Northern Rock has launched three new online issues of its fixed rate cash e-ISA to complement its competitive portfolio of internet-based savings accounts.

e-ISA offers those who prefer to operate their accounts via the internet an online option for their tax-free* savings. e-ISA is a cash ISA set at a competitive fixed rate of interest over a choice of one, two or three years and can be opened with no minimum initial deposit.

Interest, which can be added to the account or paid into another account, is paid annually on the first business day following 5th August on minimum balances of £500 (balances which fall below this amount will earn Northern Rock’s prevailing rate of interest, 0.10% tax free* pa /AER**).
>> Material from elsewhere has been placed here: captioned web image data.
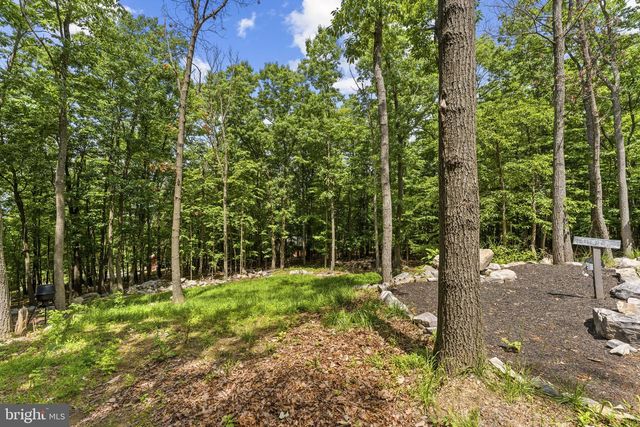 194 BLACK BEAR TRL, Harpers Ferry, WV 25425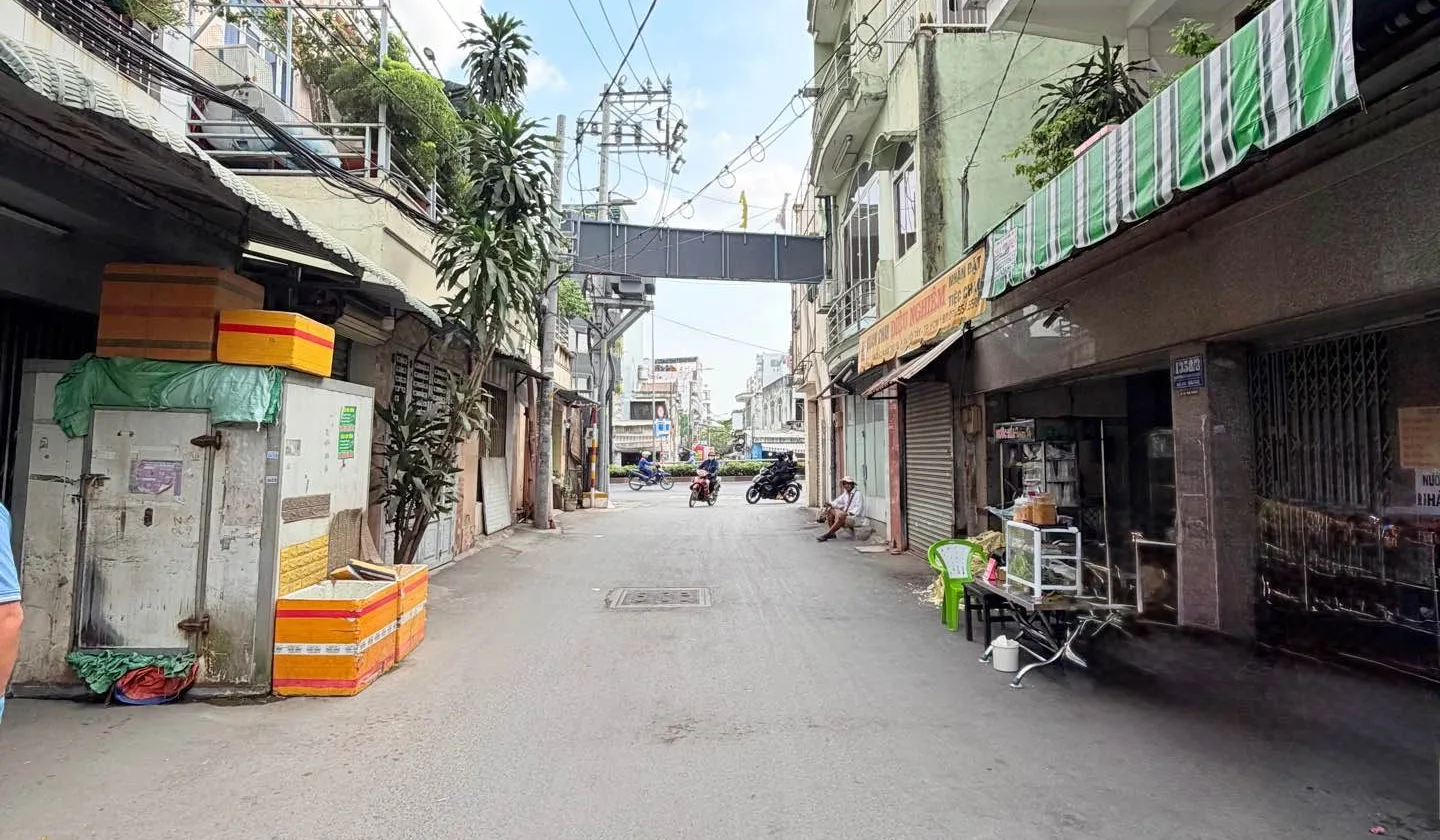Bán nhà mặt phố phường An Hội Tây Hồ Chí Minh, 123m2, 4 tầng, 11 phòng ngủ... Bán nhà mặt phố tại An Hội Tây, Hồ Chí Minh 01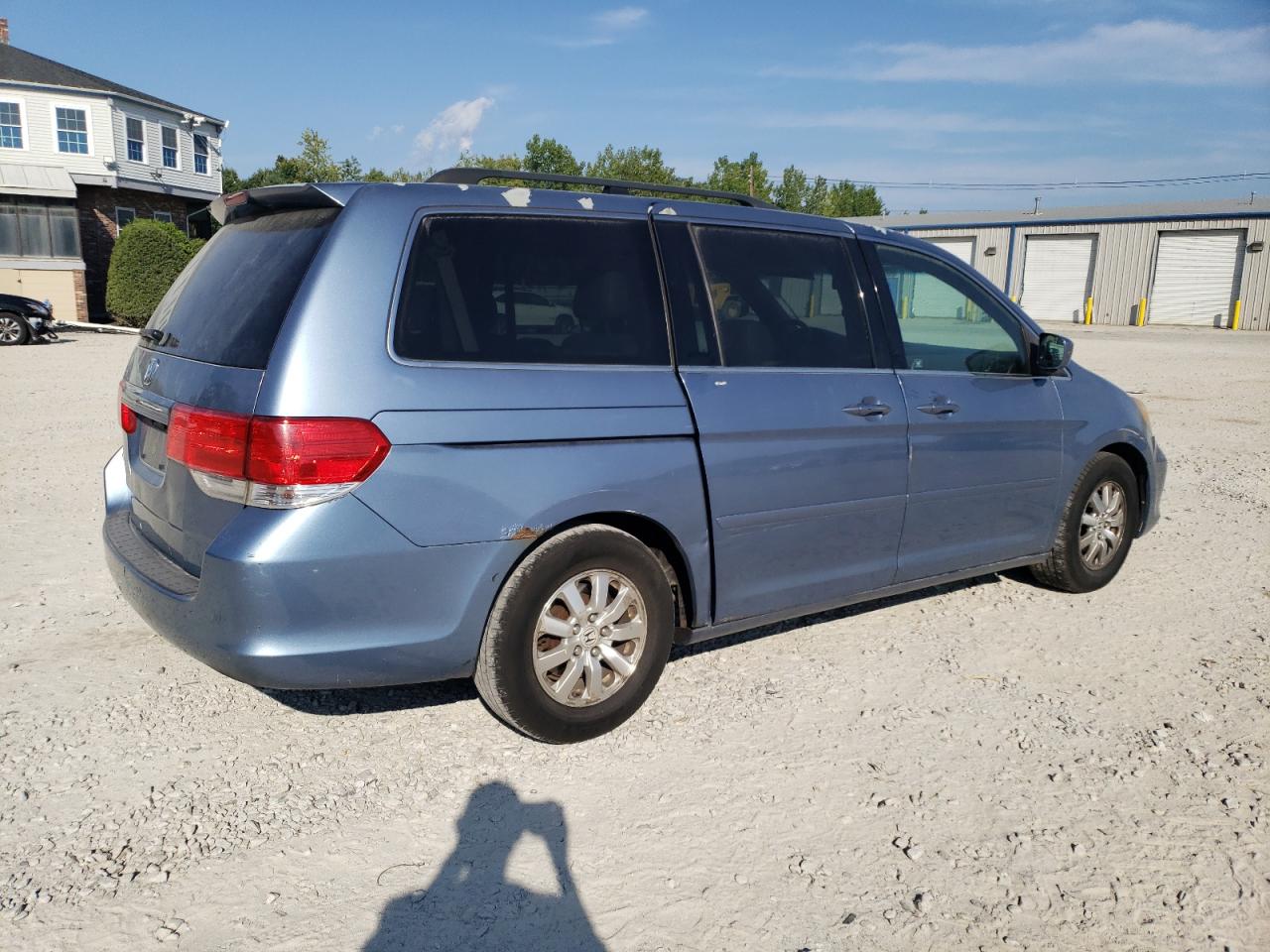 2009 Honda Odyssey VIN 5FNRL38729B009587 Copart auction photo, mechanical / minor dent/scratches damage thumbnail 3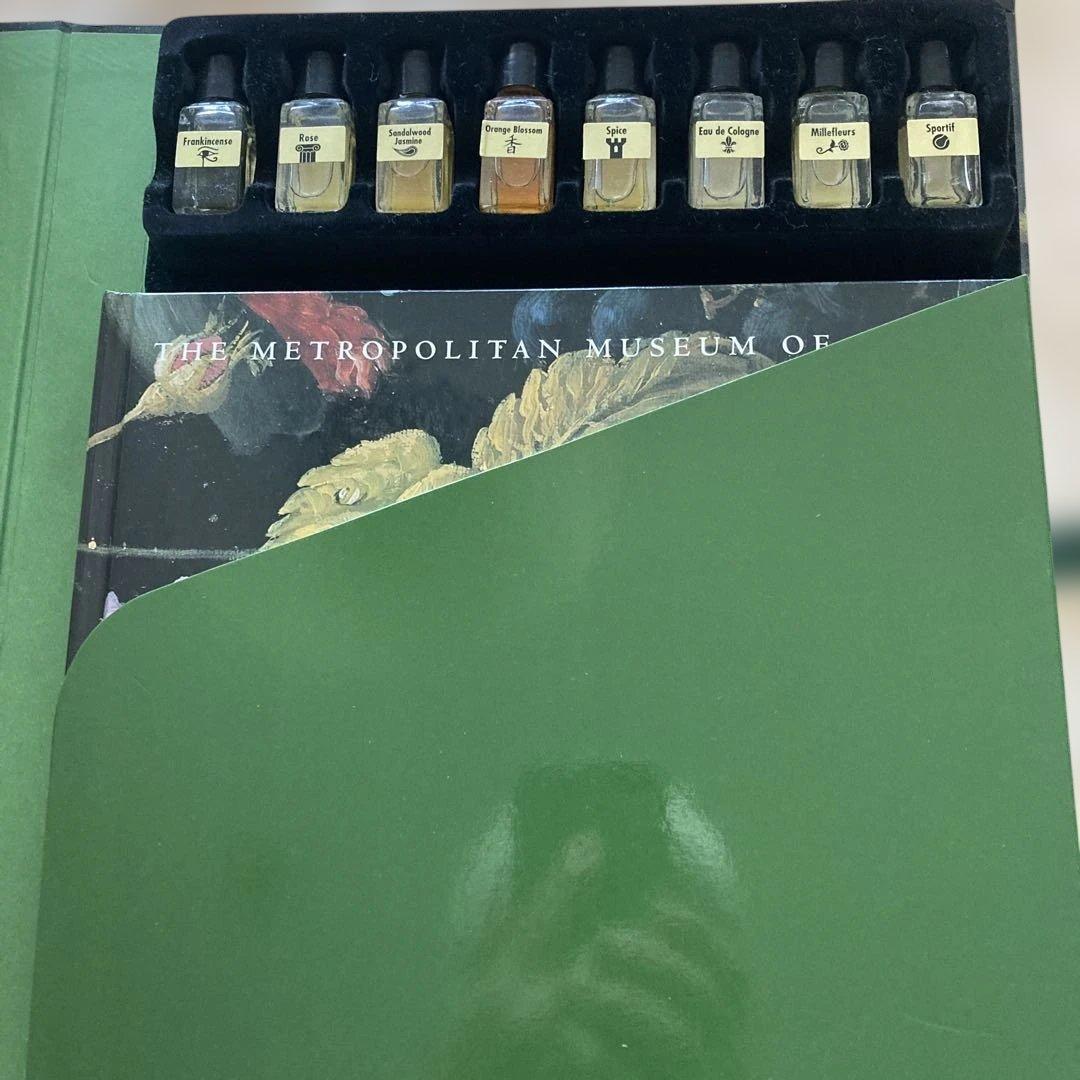 英語が分かる方。香水のサンプルが入った美しい本です。 ご興味のある方へ。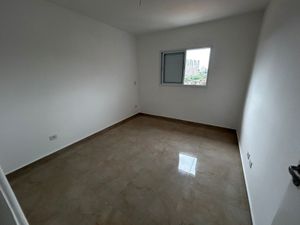 Image 7 - 849780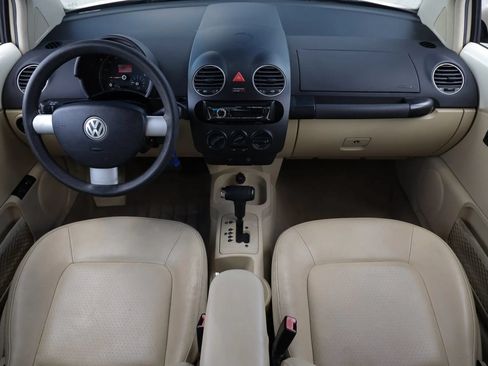 Used 2008 Volkswagen Beetle S FWD image 2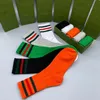 Designer Italien 100% bomullsstrumpor för män lyxiga G -bokstäver broderi Brratble Sock Man med presentförpackning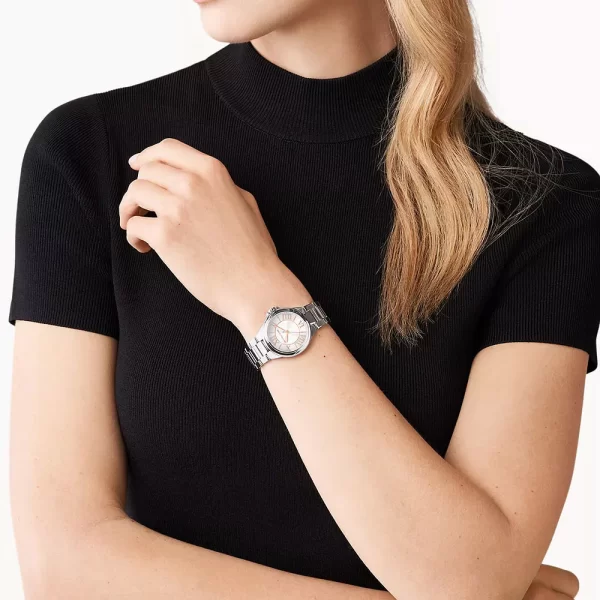 שעון יד מייקל קורס עדין לאישה לוח כסוף בשילוב רוז גולד קולקציית MK7259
Strictly limited issues, the fixed rate cash e-ISAs (issues 19, 20 and 21) allow transfers in from other providers and additional deposits can be made to the cash ISAs, within HM Revenue and Customs limits (£5,340 per tax-year from 6 April 2011) up to 30 days after the product is withdrawn (excepting postal applications to transfer in from other banks and building society ISA accounts, which must be received while the product remains on sale).

To guarantee funds are accepted into a new account, Northern Rock advises all funds to be deposited within 30 days from the account opening date. Any deposits received after 30 days may be returned to customers. This includes any funds transferred in from an existing cash ISA, therefore customers should ensure that they initiate any Cash ISA transfers in as soon as they receive their new Cash ISA details. Subscriptions are not allowed to any other Cash ISAs in the same tax year(s) that customers subscribe to this Cash ISA, even if they have not used your full annual allowances(s).

30 days following the products withdrawal, no further deposits will be accepted and all three issues may be withdrawn without notice once fully subscribed.

Minimum withdrawals of £1 by BACS and £250 by CHAPS can be made from the account, subject to a charge equivalent to 60 days’ loss of interest on the amount withdrawn (Issue 19), 90 days’ loss of interest on the amount withdrawn (Issue 20), or 120 days’ loss of interest on the amount withdrawn (Issue 21). There is a £35 fee for transfers out via CHAPS.